How’s my complexion?
If the efficiency of mirroring enterprise structure with database structure is
the greatest benefit of a distributed database system, the greatest disadvantage
is the resulting complexity. Networked users everywhere can and do make changes
to their local data, and sometimes, hopefully unwittingly, to remote data. (If
the system is well-built, users don’t even know that some of their data actually
originates from another city rather than under their own desks.) Especially along
shared boundaries, two users may attempt to update the same record at the same
time, both moving the same street segment, for instance, but in different
directions. What happens then? Will one user’s change be ignored or overwritten
by the other? If the system is distributed, but the network is down, and each
user changes her own copy of the same street segment, will their two databases
remain inconsistent with each other? This multiuser example of potential data
corruption is only one of several threats to a distributed organization’s data.
In fact, threats to data integrity, whether deliberate or accidental, are largely
responsible for the creation of databases in the first place: databases are
designed to protect data.
Database theory: a quickie. Databases protect data integrity, recovery, and
concurrency with mechanisms that prevent users from entering bad data, losing
data during a system failure, or corrupting existing data. New database users
learn about integrity during their first database design effort. Because different
users have different opinions regarding data entry, databases respond with
integrity rules to guarantee that, for instance, "Avenue" will always be
abbreviated as "Ave" or that streams will only flow downhill. Recovery and
concurrency are less obvious data protection mechanisms. All disk heads must
eventually crash; databases respond with recovery procedures to minimize data
loss. Multiple database users touch the same data at the same time; databases
respond with concurrency control mechanisms to prevent interference of one request
with another, avoiding lost updates (as in the previous example) or inconsistent
analyses.
To deliver their data-protection guarantee, particularly regarding recovery and
concurrency, databases apply the same rules to every request (or transaction) by
every user. Specifically, databases take an all-or-nothing approach called
atomicity to each user’s request. If a database is able to complete all parts of
a user’s request successfully, it still is not finished--it must then perform an
operation called a commit. Like a fighter pilot painting a star on his plane’s
nose for each enemy shot down, the database logs each successfully completed
transaction as committed. If unable to complete any part of a request, however,
the database reverts or "rolls back" to the state preceding the request, undoing
every part of the transaction. Even if the system crashes in the middle of a
transaction, then, during the recovery process, the absence of a commit signals
the need to roll back the disrupted transaction. Atomic transactions guarantee
that, for example, your request to delete all alleyways will either succeed or
fail completely, never delete just some alleyways, get disrupted, and then,
unbeknownst to you, fail to finish the job.

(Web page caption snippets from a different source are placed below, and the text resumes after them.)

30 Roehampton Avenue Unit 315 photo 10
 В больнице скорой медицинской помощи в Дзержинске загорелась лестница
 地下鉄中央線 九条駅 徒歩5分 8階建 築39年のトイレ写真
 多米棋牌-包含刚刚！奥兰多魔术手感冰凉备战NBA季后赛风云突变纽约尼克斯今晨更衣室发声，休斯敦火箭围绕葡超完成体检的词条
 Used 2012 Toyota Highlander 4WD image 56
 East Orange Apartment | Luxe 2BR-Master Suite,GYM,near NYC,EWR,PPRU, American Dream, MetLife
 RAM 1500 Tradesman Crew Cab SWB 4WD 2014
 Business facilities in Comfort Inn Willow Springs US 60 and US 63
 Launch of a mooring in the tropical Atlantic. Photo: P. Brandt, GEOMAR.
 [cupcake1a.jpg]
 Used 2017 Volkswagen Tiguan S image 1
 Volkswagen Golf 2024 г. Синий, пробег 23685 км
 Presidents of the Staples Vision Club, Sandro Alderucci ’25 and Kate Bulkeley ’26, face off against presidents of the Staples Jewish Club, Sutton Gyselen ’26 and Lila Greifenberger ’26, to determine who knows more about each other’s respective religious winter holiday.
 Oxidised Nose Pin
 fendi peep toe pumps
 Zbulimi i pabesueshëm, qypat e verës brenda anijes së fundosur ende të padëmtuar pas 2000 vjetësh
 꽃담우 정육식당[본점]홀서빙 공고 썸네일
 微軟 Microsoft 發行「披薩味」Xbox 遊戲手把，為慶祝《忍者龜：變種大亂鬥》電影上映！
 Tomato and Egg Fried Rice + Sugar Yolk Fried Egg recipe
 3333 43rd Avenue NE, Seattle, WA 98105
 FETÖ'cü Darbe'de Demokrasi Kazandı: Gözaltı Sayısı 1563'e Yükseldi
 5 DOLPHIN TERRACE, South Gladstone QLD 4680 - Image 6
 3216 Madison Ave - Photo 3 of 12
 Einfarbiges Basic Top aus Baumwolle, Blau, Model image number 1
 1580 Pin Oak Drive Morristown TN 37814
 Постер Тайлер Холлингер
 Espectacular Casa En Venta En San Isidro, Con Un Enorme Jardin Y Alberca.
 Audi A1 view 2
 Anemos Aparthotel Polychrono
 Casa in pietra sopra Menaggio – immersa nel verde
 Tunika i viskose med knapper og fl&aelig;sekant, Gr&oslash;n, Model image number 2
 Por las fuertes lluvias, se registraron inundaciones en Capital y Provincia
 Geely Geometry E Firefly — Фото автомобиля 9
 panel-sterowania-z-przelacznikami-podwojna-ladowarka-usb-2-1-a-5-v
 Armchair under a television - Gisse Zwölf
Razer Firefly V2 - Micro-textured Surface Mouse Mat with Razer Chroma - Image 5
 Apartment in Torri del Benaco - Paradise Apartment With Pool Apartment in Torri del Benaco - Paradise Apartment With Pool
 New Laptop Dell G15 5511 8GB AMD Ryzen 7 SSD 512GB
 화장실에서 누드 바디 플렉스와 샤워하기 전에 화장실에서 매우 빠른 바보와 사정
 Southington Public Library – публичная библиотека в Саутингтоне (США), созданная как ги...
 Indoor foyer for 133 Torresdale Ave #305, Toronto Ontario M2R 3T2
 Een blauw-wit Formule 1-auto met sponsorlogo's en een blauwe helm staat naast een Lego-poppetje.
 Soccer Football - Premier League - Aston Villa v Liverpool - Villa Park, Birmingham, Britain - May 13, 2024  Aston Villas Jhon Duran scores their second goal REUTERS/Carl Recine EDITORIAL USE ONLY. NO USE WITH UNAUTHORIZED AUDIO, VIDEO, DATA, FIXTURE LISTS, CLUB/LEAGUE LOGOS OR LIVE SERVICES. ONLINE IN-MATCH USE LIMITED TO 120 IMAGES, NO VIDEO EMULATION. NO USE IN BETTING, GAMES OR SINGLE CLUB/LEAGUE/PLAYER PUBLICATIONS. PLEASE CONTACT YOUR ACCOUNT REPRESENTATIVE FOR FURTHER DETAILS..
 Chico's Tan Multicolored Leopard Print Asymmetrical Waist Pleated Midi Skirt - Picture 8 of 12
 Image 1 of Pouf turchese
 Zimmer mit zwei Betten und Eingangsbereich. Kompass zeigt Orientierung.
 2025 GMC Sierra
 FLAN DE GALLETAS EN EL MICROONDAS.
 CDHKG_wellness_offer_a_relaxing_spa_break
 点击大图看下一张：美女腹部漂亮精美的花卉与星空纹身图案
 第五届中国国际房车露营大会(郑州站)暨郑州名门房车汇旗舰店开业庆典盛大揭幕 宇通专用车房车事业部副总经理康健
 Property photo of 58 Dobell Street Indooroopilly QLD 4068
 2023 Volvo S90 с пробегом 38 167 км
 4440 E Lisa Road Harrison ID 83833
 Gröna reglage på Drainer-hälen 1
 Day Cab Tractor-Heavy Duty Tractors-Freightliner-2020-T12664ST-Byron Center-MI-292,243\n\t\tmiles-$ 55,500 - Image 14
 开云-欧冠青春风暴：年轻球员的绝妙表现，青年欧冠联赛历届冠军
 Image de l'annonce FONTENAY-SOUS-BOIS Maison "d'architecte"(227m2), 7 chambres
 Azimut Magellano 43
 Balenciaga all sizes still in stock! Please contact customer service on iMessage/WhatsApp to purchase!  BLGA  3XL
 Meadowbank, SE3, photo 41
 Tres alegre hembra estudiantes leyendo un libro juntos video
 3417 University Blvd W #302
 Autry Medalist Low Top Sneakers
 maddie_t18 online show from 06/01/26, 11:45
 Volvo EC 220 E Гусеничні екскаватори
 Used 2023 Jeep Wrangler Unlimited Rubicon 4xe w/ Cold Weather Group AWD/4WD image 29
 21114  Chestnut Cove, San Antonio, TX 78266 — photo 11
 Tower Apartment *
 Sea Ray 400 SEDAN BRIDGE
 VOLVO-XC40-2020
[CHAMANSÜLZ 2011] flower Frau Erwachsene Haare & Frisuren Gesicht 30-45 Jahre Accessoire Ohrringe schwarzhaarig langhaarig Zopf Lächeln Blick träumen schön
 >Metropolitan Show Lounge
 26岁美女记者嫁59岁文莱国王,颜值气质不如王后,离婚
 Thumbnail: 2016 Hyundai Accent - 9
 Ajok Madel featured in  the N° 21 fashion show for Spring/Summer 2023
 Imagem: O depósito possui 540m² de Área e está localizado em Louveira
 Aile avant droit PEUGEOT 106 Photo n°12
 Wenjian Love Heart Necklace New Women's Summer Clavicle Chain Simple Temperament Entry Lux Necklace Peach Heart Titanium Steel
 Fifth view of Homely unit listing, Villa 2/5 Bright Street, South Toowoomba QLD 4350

Hand in hand with atomicity is database locking, a mechanism that prevents
simultaneous transactions on the same data from interfering with each other. The
moment one user begins to edit a street segment, the database locks that segment’s
table, or a subset of the table records, or even the single record itself, until
after the edit has been committed. While locked, no other user can edit, or, in
some implementations, even see the segment. (While this strategy solves concurrency
problems, it raises new ones, such as deadlocks, beyond the scope of this
discussion. The key concept, though, is that locks prevent conflicts and protect
data concurrency.)